8.3 Focal Mechanisms
The Double-Couple Source
Shear faulting on a planar surface within the Earth produces a characteristic radiation pattern that can be represented by a double couple — two equal and opposite force couples acting at the source point. This equivalent body-force system produces the same far-field seismic radiation as the actual slip on the fault, without requiring any net force or net torque (consistent with conservation of momentum).
The double-couple model was established through the work of Maruyama (1963) and Burridge & Knopoff (1964), who showed that a shear dislocation on a fault is mathematically equivalent to a system of body forces with no net resultant. This equivalence is fundamental: it means that seismograms alone cannot distinguish between slip on a fault plane and slip on its conjugate (auxiliary) plane — the so-called fault-plane ambiguity.
The P-wave radiation pattern from a double couple has four lobes: two compressional (outward first motion) and two dilatational (inward first motion), separated by two orthogonal nodal planes. One nodal plane is the actual fault plane; the other is the auxiliary plane. Distinguishing between them requires additional information such as mapped surface rupture, aftershock distributions, or directivity effects.
The Seismic Moment Tensor
The most general point-source representation of an earthquake is the moment tensor Mij, a symmetric 3×3 matrix that fully describes the equivalent forces at the source. For a shear dislocation on a planar fault:
Moment Tensor Components
\[ M_{ij} = \mu \, A \left( s_i \, n_j + s_j \, n_i \right) \]
where μ is the shear modulus, A is the fault area, s is the unit slip vector (direction of hanging-wall motion), and n is the unit normal to the fault plane. The tensor is symmetric (Mij = Mji), so it has at most 6 independent components. For a pure double couple, the trace is zero (Mkk = 0) and the determinant is zero.
Scalar Seismic Moment
\[ M_0 = \mu \, A \, \bar{D} \]
where M0 is the scalar seismic moment (units: N·m), μ ≈ 30 GPa (crust) to 70 GPa (upper mantle), A is the rupture area, and D̄ is the average slip. The scalar moment is the most physically meaningful measure of earthquake size, directly proportional to the total work done against friction. It spans from ~106 N·m for microearthquakes to ~1023 N·m for the 1960 Chile earthquake.
Beach Ball Diagrams
The focal mechanism or “beach ball” is a stereographic projection of the P-wave first-motion pattern onto the lower-hemisphere focal sphere. Compressional first motions (upward P-wave onset) are plotted as filled (dark) quadrants, and dilatational first motions (downward onset) as open (white) quadrants. The boundaries between quadrants are the two nodal planes.

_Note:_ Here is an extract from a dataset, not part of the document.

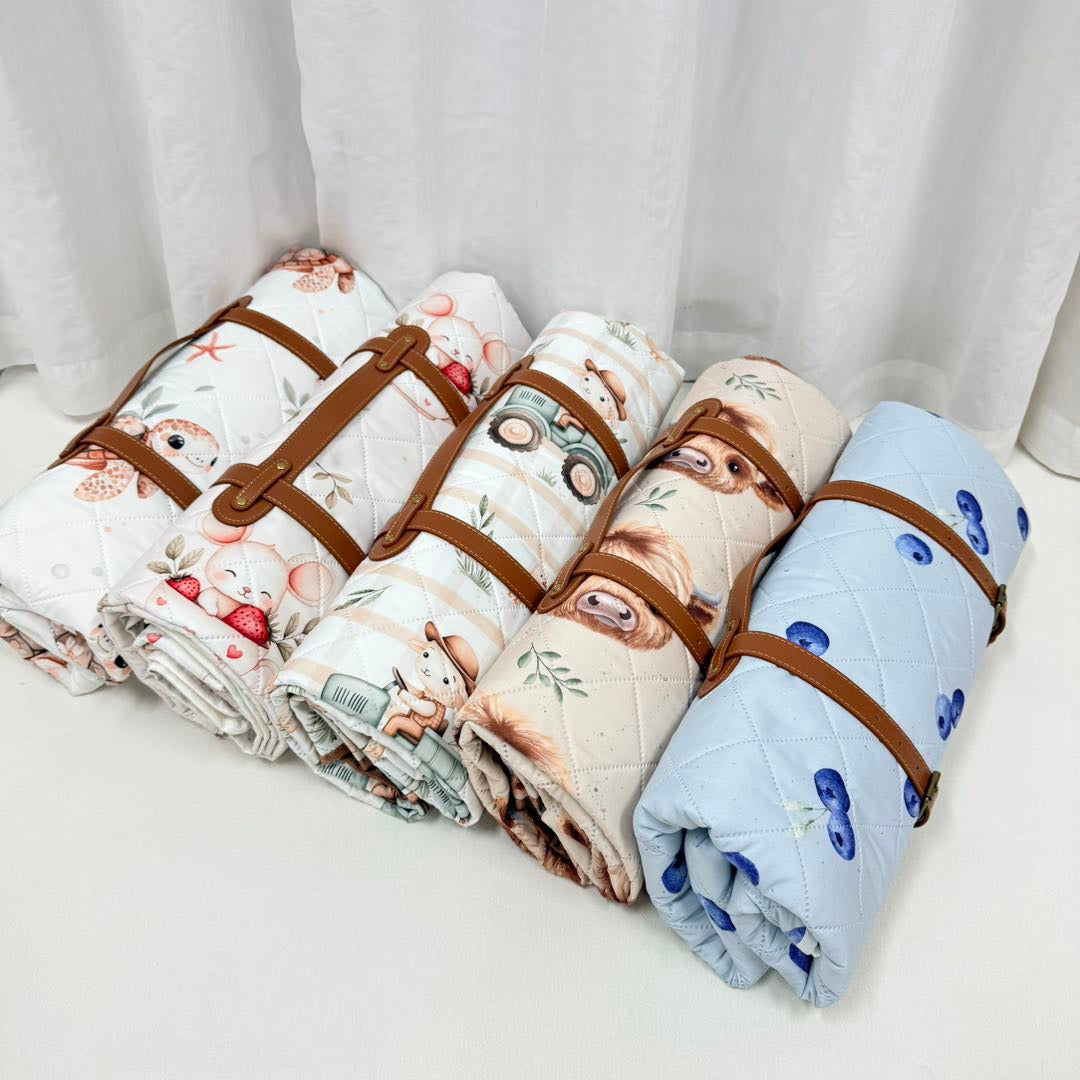 Beach & Games Tablecloth - Blueberries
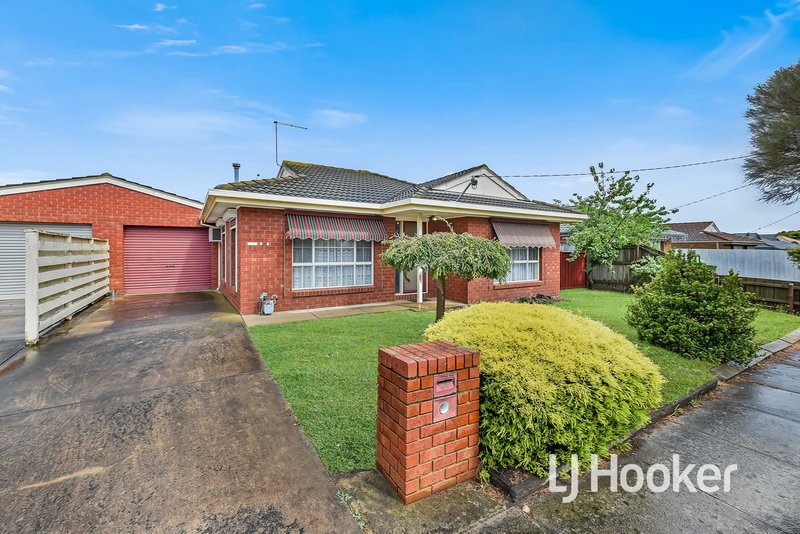 2/3 Navarre Drive, Cranbourne West VIC 3977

P-Wave First Motion Polarity
At each seismic station, the first arriving P-wave is either compressional (ground motion initially away from the source, upward on a vertical seismogram for a surface station) or dilatational (ground motion initially toward the source, downward on a vertical seismogram). By plotting the polarity observed at each station on the focal sphere according to its takeoff angle and azimuth from the source, the four-lobed radiation pattern emerges and the two nodal planes can be fit.
Historically, focal mechanisms were determined from hand-picked P-wave first motions at many stations. Modern practice uses full waveform inversion of broadband seismograms to determine the complete moment tensor, which is more robust and provides additional information such as the non-double-couple component.
Recognizing Fault Types from Beach Balls
Normal Fault
The T-axis (tension, or minimum compressive stress) is approximately vertical. On the beach ball, the center is white (dilatational) and the sides are filled. The filled quadrants appear as two “wings” on the left and right. This pattern reflects extensional tectonics, as seen along mid-ocean ridges and continental rifts.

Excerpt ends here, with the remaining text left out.